▽

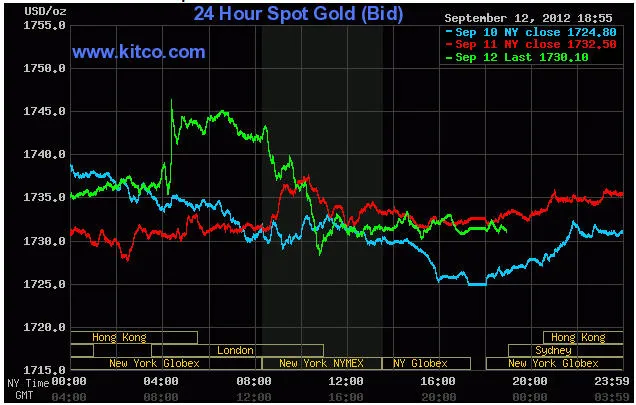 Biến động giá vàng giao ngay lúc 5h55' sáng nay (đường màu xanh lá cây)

△
▽

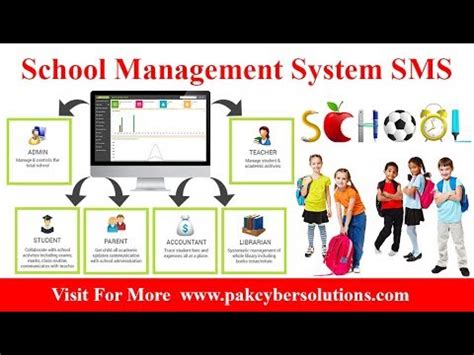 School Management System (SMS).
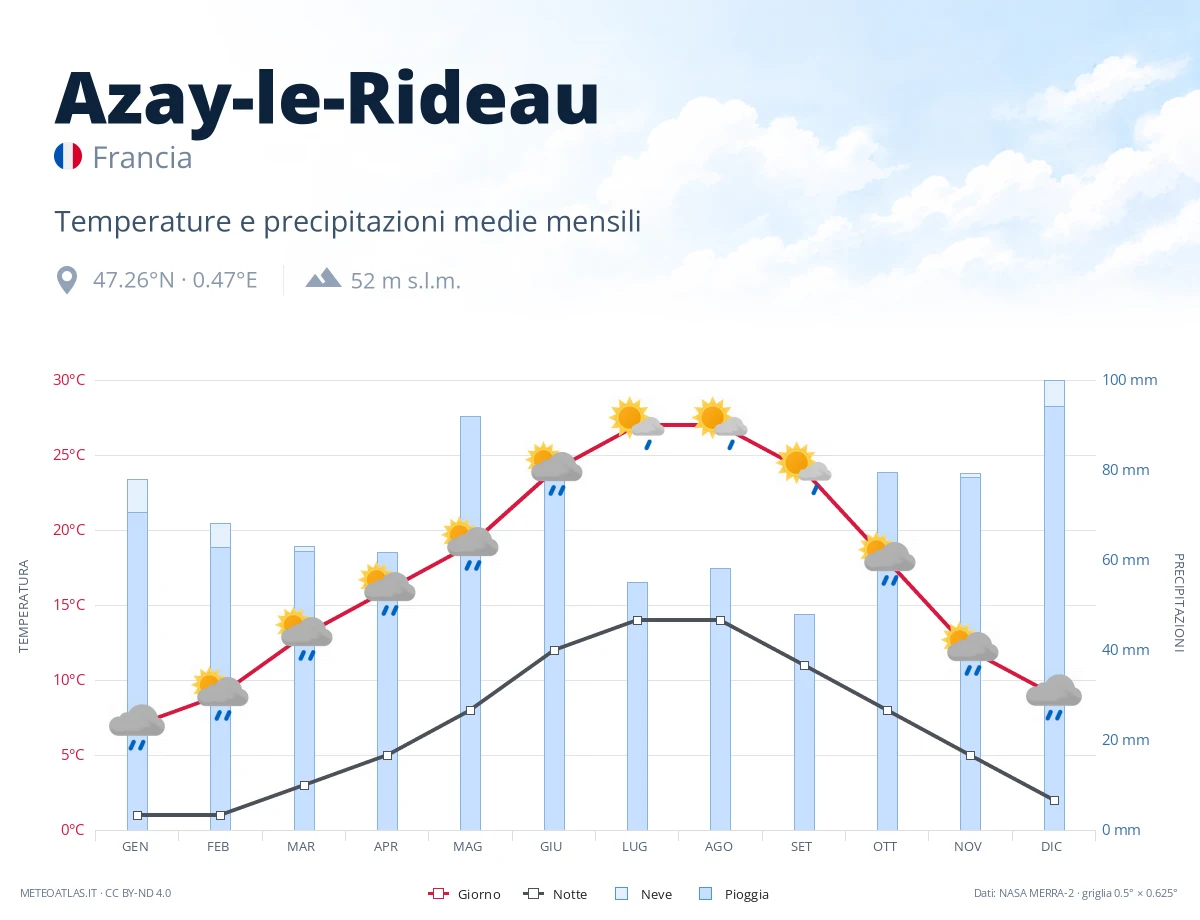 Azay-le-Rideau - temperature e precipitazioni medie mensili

△

▶ [Task]
Pictures excluded, give again exactly and only the lines of the material above from the line with "School Management System (SMS)." through the line with "Azay-le-Rideau - temperature".

▶ [Response]
 School Management System (SMS).
 Azay-le-Rideau - temperature e precipitazioni medie mensili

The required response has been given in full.